No matter how bad the Pirates play, I don’t have to go far to find Pirates fans who treat Opening Day as something more than a drinking holiday between St. Patrick’s Day and Cinco de Mayo.
In my old neighborhood, I was surrounded by lifelong baseball purists like next-door neighbors Tom Dougherty and Paul Kuchta.
Mr. Dougherty (I’ve never called him anything else) was an usher for 65 years – a span that saw the Pirates play at Forbes Field, Three Rivers Stadium and PNC Park – before retiring last July. Today was the first time he missed a home opener since he was at least 14 years old.
“I don’t have any regrets,” Mr. Dougherty, 79, said. “I felt it was the right time to leave. It’ll be a little bit different, watching the game on TV.”
Kuchta, 47, went to his first Pirates opener as a 7-year-old at Forbes Field in 1969 and has been to every home opener since 1974. After watching Hall of Fame players like Roberto Clemente, Willie Stargell and Bill Mazeroski, he was hooked for life.
“I’ve seen some good teams, some dog teams – mostly dog teams of late,” Kuchta said. “I’m a pure baseball fan.
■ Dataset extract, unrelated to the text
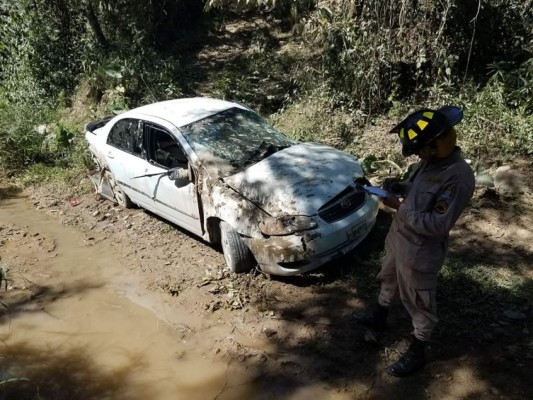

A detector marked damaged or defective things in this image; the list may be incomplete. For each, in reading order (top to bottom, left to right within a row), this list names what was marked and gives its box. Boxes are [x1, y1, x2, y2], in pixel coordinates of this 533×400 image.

Nothing beats Opening Day, it really doesn’t. I’m hoping the team does good. I’m supporting Major League Baseball, glad to have Major League Baseball in the city.”
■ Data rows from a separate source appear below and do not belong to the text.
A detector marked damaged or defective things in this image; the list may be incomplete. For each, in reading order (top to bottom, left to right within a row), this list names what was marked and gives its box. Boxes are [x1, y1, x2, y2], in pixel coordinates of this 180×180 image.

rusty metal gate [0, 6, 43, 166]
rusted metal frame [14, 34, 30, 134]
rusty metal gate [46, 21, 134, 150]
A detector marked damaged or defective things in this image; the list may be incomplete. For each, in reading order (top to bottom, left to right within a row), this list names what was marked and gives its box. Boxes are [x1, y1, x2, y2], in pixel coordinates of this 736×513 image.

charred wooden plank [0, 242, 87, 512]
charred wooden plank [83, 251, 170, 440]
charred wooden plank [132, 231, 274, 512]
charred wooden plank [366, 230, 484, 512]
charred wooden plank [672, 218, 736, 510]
Or, at least, what passes for it.
As I get ready to leave PNC Park after the Pirates’ 11-5 victory over the Los Angeles Dodgers, I’m thinking about loyal baseball fans like Mr. Dougherty and Kuchta who live for Opening Day and give faces to the phrase “hope springs eternal.”
I’m hoping for their sake as fans, as much as mine for having to write about it, that after 17 consecutive the Pirates eventually field a winning team. What I envy is their optimism, their joy for a game and their inability to get jaded by the long years of losing.
“It’s the start of a new season,” Mr. Dougherty said. “It’s the old story: hope springs eternal. Like any big game, there’s excitement. Everybody is all charged up to see a new season begin. For hometown pride, you have to see the team do well. But based on where they are now, I can’t see anything happening in the foreseeable future.”
Yet Mr. Dougherty doesn’t dwell on the negative. As one of the ushers who served 50 or more years, he was honored by the Pirates by being introduced along the baseline line, just like they do on Opening Day. He got to meet one of his favorite players when Bill Mazeroski, hero of the 1960 World Series champions, came over and shook his hand.
“They had some bad teams at Forbes Field,” Mr. Dougherty said. “The 1960 team that won the World Series, a lot of guys had the best year of their life. They all came together and had years. That was my favorite team, of course, with Maz hitting the home run.”
Mr. Dougherty grew up on Semple Street in Oakland, only five or six blocks away from Forbes Field. It was almost a rite of passage for boys in the neighborhood to work at the ballpark, and it was not unusual to see the players walking up and down Forbes Avenue, considering many of them lived in boarding houses for the hot-plate specials.
“You could tell by the way a guy was walking,” Mr. Dougherty said, loosening one shoulder so it drooped lower than the other, “that he was a left-handed pitcher.”
As I was walking to Mr. Dougherty’s house, which borders my backyard, I spotted Kuchta pulling up in his car to visit. He was wearing a black satin Pirates jacket, the type you see starting pitchers put on between innings. Not to say that he doesn’t care whether the Pirates win or lose, just that he’s going to support them regardless.
“It bothers me, but I’m so used to it,” Kuchta said. “I’m just there to enjoy the game, win or lose. It’s hard, but I’m a true Pirates fan. I’m here for the duration.”